こんな映画は見ちゃいけない!

映画ライター・福本ジローによる、ハリウッドの大作から日本映画の小品までスポットを当てる新作映画専門批評サイト。

ヘルタースケルター

otello2012-07-17

ヘルタースケルター

オススメ度 ★★★*
監督 蜷川実花
出演 沢尻エリカ/大森南朋/寺島しのぶ/綾野剛/水原希子/新井浩文/鈴木杏/寺島進/哀川翔/窪塚洋介/原田美枝子/桃井かおり
ナンバー 177
批評 ネタばれ注意! 結末に触れています

肉体が崩れていく。心が壊れていく。孤独は恐怖となり焦りは怒りとなって、周囲の人々に言葉の刃として突き刺さる。物語は全身整形美容手術で時代のアイコンになったヒロインが、頂点から転げ落ちる過程を追う。夢は叶えた、欲しいものはすべて手に入れた。しかし、指の間から砂がこぼれおちるようにそれらは彼女の元から去っていく。真実は誰にも打ち明けられない、だから余計に陰湿な仕打ちとなって身近な者を苛んでいく。外見を変えれば女は変わる。いや世間の女を見る目が変わるからこそ、女は自信を持ち高慢になり残酷にもなりうる。女にとって美しさは強さであることを、この映画は強烈に描き切っていた。

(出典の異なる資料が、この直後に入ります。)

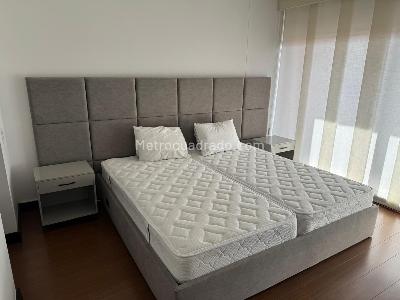 Apartaestudio en venta en Chico Navarra, Bogotá, 64 m² · foto 9 de 13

整形手術後遺症の黒アザに悩まされている超売れっ子モデルのりりこは、マネージャーの美知子をいたぶってうっ憤を晴らしていた。ある日、天性の才能に恵まれたこずえが現れ、りりこのポジションを脅かしはじめる。

毒々しいまでの赤と過剰に装飾されたサウンドがりりこの精神状態を象徴する。彼女はショービジネスの寵児として大衆に求められマスコミに崇められ女王のごとく振る舞うが、虚栄が長く続かないのを承知で生き急いでいるよう。消費され、いつか消えていく運命のはかなさをひしひしと感じながら、今の地位に必死でしがみつこうとする姿が痛々しい。そして感情を美知子にぶつけ、まだ自分のわがままが聞いてもらえるかどうか確認している。そんな人間の哀しい性を、沢尻エリカが圧倒的な存在感で演じていた。

◆ネタばれ注意! 以下 結末に触れています◆

やがてこずえにグラビアクィーンの座を奪われたりりこは忘れられていく。だが、美知子の裏切りによって図らずもメディアの話題を独占する。白いドレスに身を包み記者会見に臨むりりこは一種の神々しささえ備えているが、その無垢なイメージを再び自らの血で真っ赤に染め上げてしまう。おそらく整形して芸能界デビューする前は「ブス」と相手にされなった彼女の、切ないほどの情念が見事に開花していた。